Philippe Pech
- Country (sports): France
- Born: 9 August 1966 (age 58) Grenoble, France
- Height: 1.80 m (5 ft 11 in)
- Plays: Left-handed
- Prize money: $101,424

Singles
- Career record: 5–11
- Career titles: 0
- Highest ranking: No. 155 (11 December 1989)

Grand Slam singles results
- French Open: 1R (1988)

Doubles
- Career record: 1–2
- Career titles: 0
- Highest ranking: No. 337 (23 March 1987)

Grand Slam doubles results
- French Open: 1R (1988)

= Philippe Pech =

French tennis player

Philippe Pech (born 9 August 1966) is a French former professional tennis player.

==Career==
Pech made his only Grand Slam appearance at the 1988 French Open.

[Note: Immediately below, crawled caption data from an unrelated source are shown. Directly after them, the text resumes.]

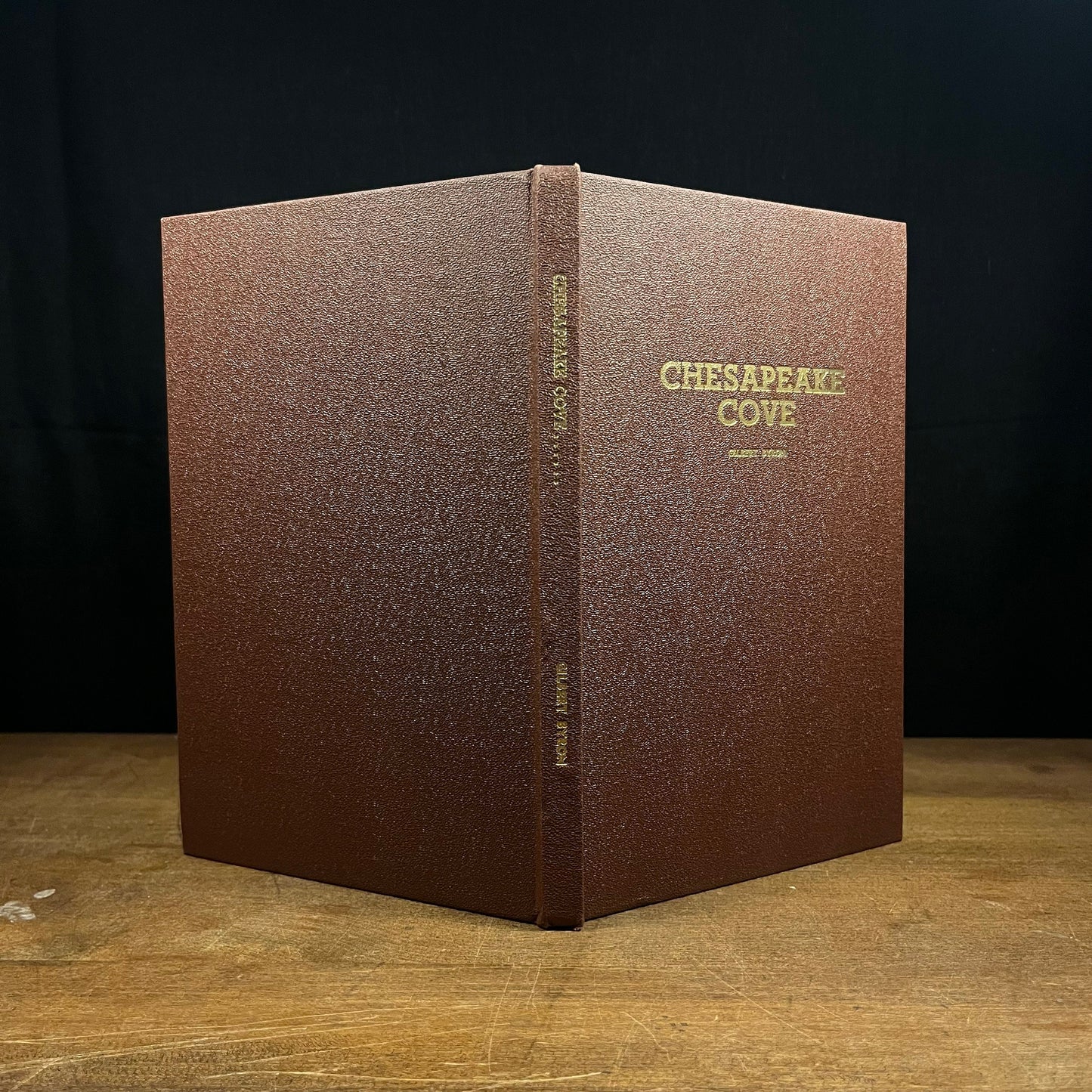 First Printing - Chesapeake Cove by Gilbert Byron (1953) Vintage Hardcover Book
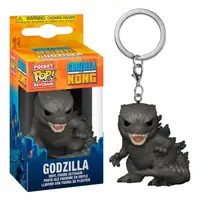 在飛比找蝦皮購物優惠-BEETLE FUNKO POP 鑰匙圈 GODZILLA 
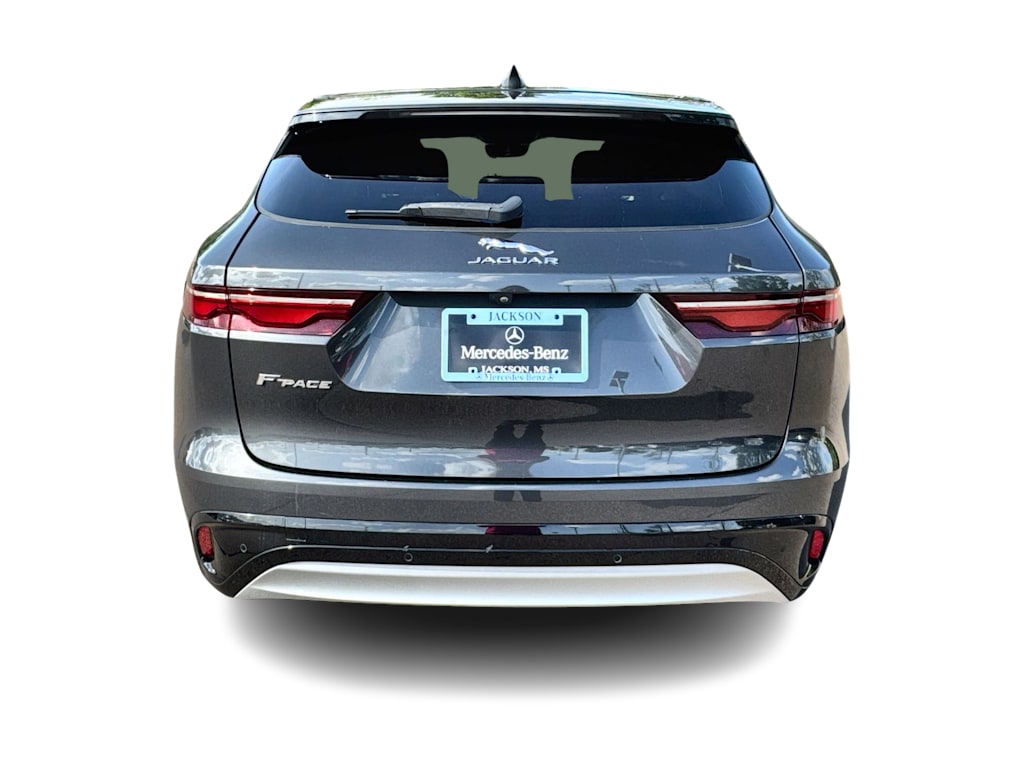 Thumbnail: 2021 Jaguar F-Pace - 5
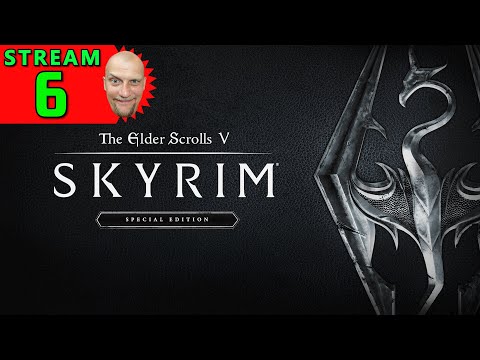Видео: 💽6🍀TES V Skyrim AE🍀Первое Прохождение - Стрим [1440]🍀Hard-Режим🍀ЗАРАБАТЫВАЕМ ПО ПОБОЧКАМ НА ДОМ🍀
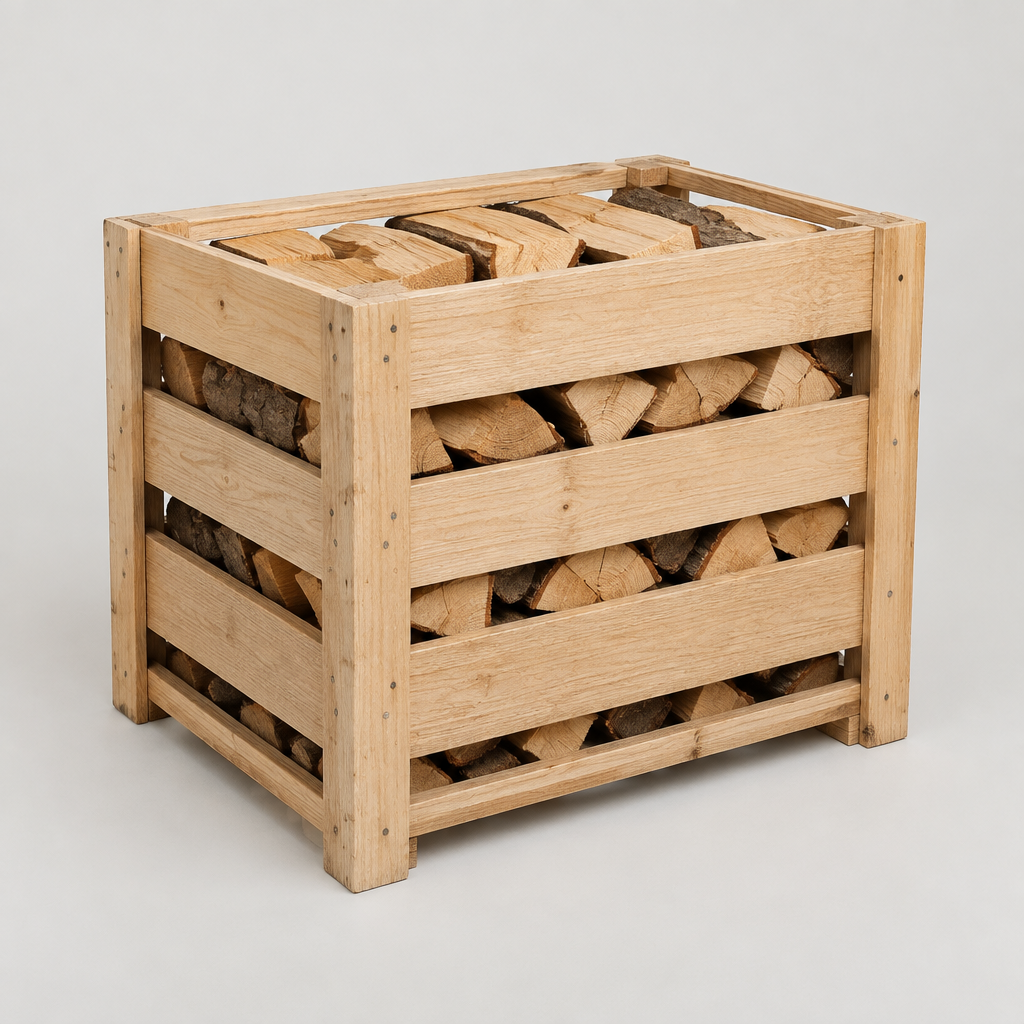 Drevo 311 Kiln-Dried Hardwood, 20 kg Crate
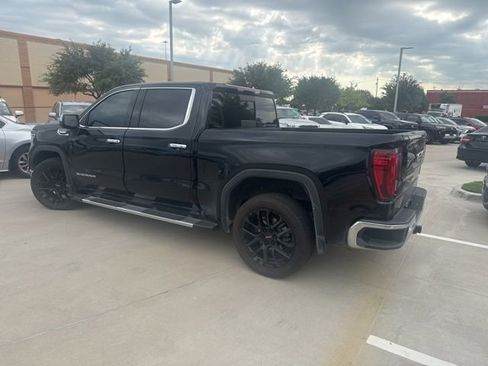 Used 2022 GMC Sierra 1500 SLT RWD image 5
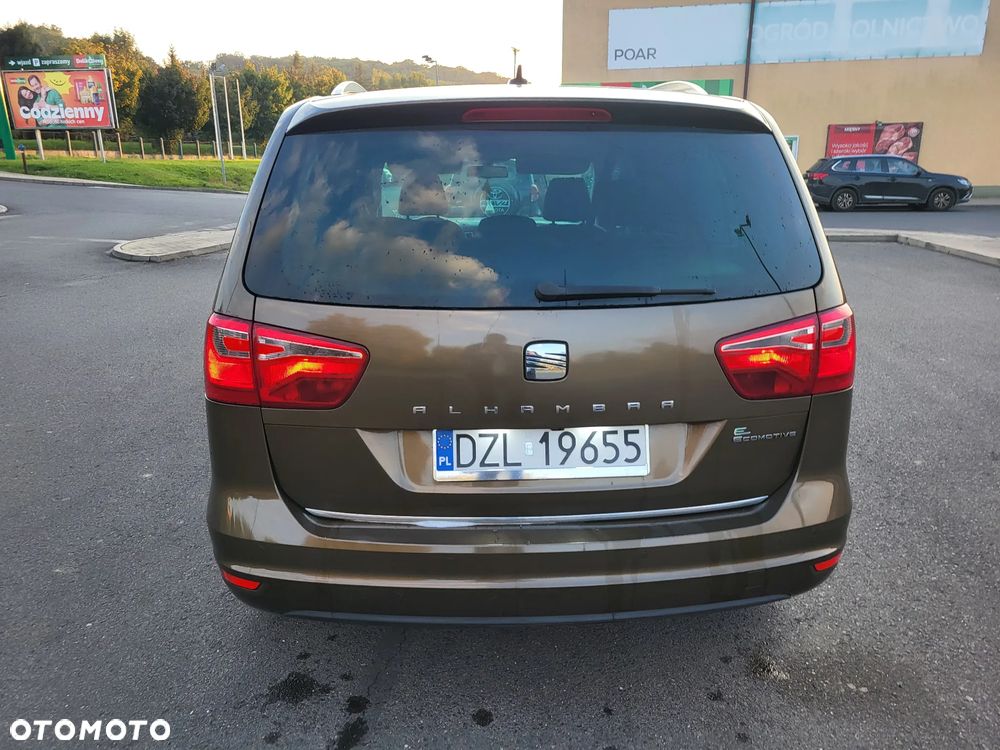 Seat Alhambra 2.0 TDI DPF Ecomotive - 6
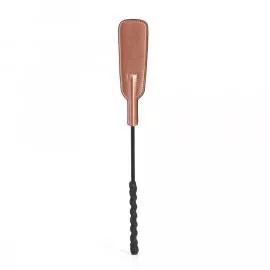 Шльопанка Liebe Seele Rose Gold Memory Riding Crop - 5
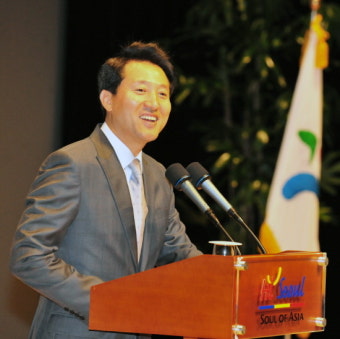 <동정> 오세훈 서울시장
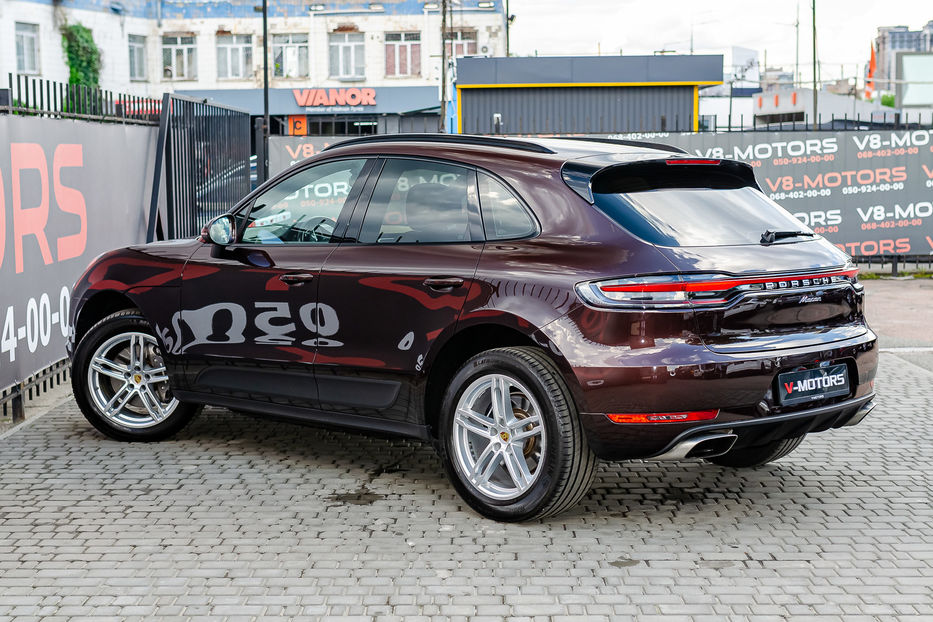 Продам Porsche Macan 2.0 TURBO 2018 года в Киеве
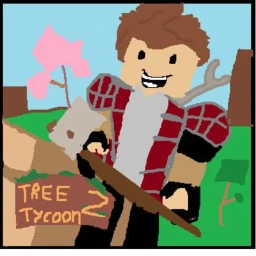 Lumber Tycoon 2 but terrible icon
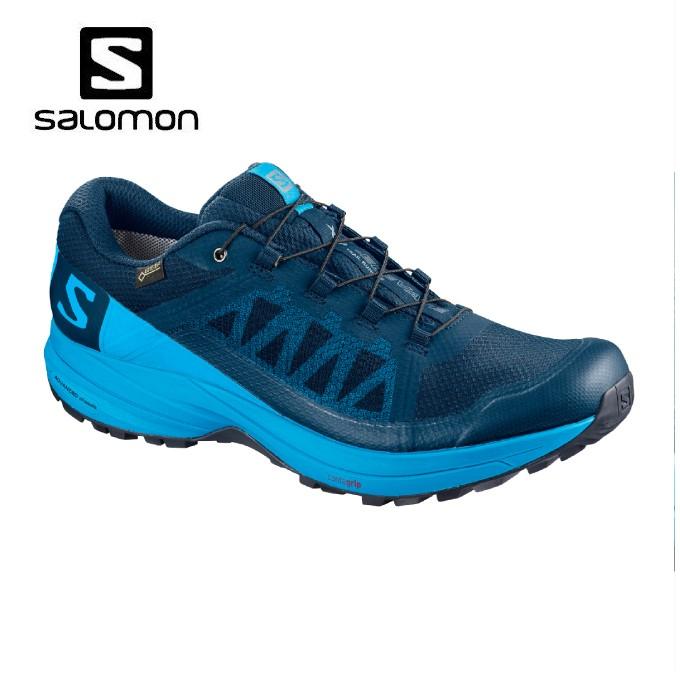 SALOMON（サロモン） トレッキングシューズ ゴアテックス ローカット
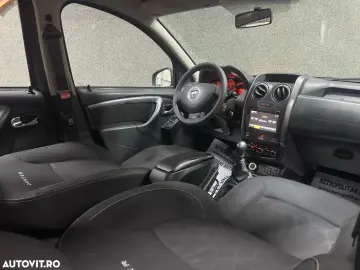 Dacia Duster 1.5 dCi 4WD Prestige jante 17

He lost in the opening round to top seed Ivan Lendl, in straight sets. In the men's doubles he and partner Tarik Benhabiles were beaten in the first round.

He was a quarter-finalist in the 1988 Grand Prix de Tennis de Lyon tournament, which was his best performance in a Grand Prix event, along with a win over Patrick McEnroe in the 1992 Stella Artois Championships and when he upset world number 26 Marc Rosset in the 1993 Manchester Open.